I remember when I first started cooking, my curry sauce was always surrounded by little puddles of water, and no amount of simmering combined with vigorous stirring would thicken the sauce. It felt like it was taking a lifetime to reduce and in the meantime my vegetables would overcook, or my chicken would dry out. So there was no other alternative… I would have to pour out some of the water into the sink before I served it up for dinner and hope no one would notice. Oops!

I do however love cooking and I refused to be beaten by ‘the watery curry sauce’.  So after numerous lessons from my mum, ‘the experienced one’, and through experimentation of my own; I learnt that adding one key ingredient can be the difference between serving up a rich, luscious curry sauce or having a river running through your curry.

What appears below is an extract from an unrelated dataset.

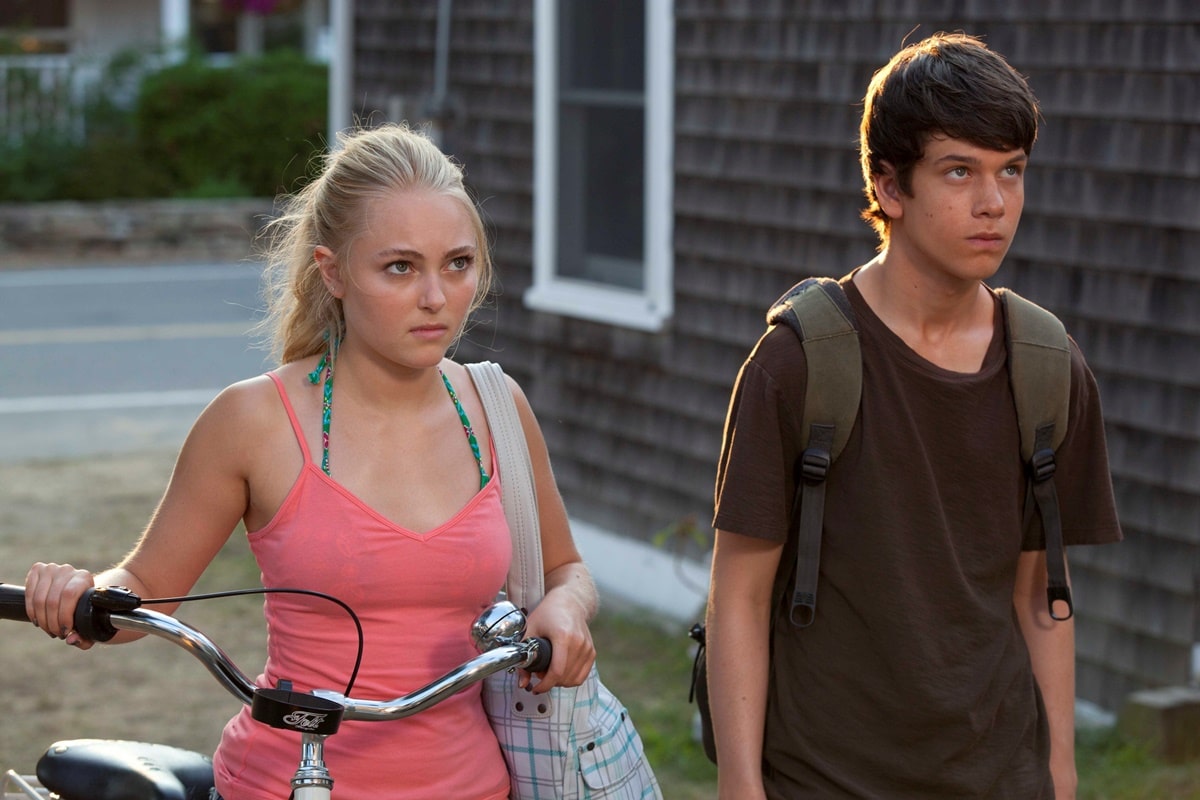 Liam James as the introverted 14-year-old Duncan from Albany, New York, and AnnaSophia Robb as Susanna Thompson in the 2013 American coming-of-age comedy-drama film The Way, Way Back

So here are four different methods you can use to help answer the question I am most frequently asked… ‘How can I thicken my curry sauce?’

thicker curry sauce image

1. Tomato puree/ paste

Ideal for tomato-based sauces so great for Indian and Italian cookery. Adding tomato puree is probably the most common method of thickening curry sauces. Simply add the tomato puree during the cooking process rather than adding it at the end. This will help to thicken your curry or pasta sauce from the beginning, speeding up the cooking time.

2. Cornflour

Ideal for Chinese sauces or Thai curries but can also be used for Indian curries. Add one tablespoon of cornflour to two or three tablespoons of cold water and stir. Pour the mixture into the sauce and allow to simmer until the sauce begins to thicken. Which doesn’t take very long.

3.  Yogurt

Ideal for Indian curries and can be used as a cream substitute (which is also thickens sauces). This is another common thickening agent used within Indian cookery. I like to use Greek style yogurt rather than natural yogurt because it’s thick, creamy and it doesn’t tend to curdle in the pan. I would still recommend adding a little at a time though and stirring just to be sure. Yogurt can be used alone or along with tomato puree depending on what the sauce base is.

4. Simmer down

Ideal for all curries and sauces, this is the traditional method I was trying for years, and failing miserably at! But it is still necessary even if you use one of the above key ingredients. Including them in the cooking process just ensures you won’t need to simmer your curry sauce for as long as you would without them.

Simply simmer your sauce on low heat (uncovered) until the sauce reduces. If you are cooking vegetables, try reducing the sauce first and then adding the vegetables. This will help you to avoid overcooking the vegetables maintaining valuable nutrients for the whole family.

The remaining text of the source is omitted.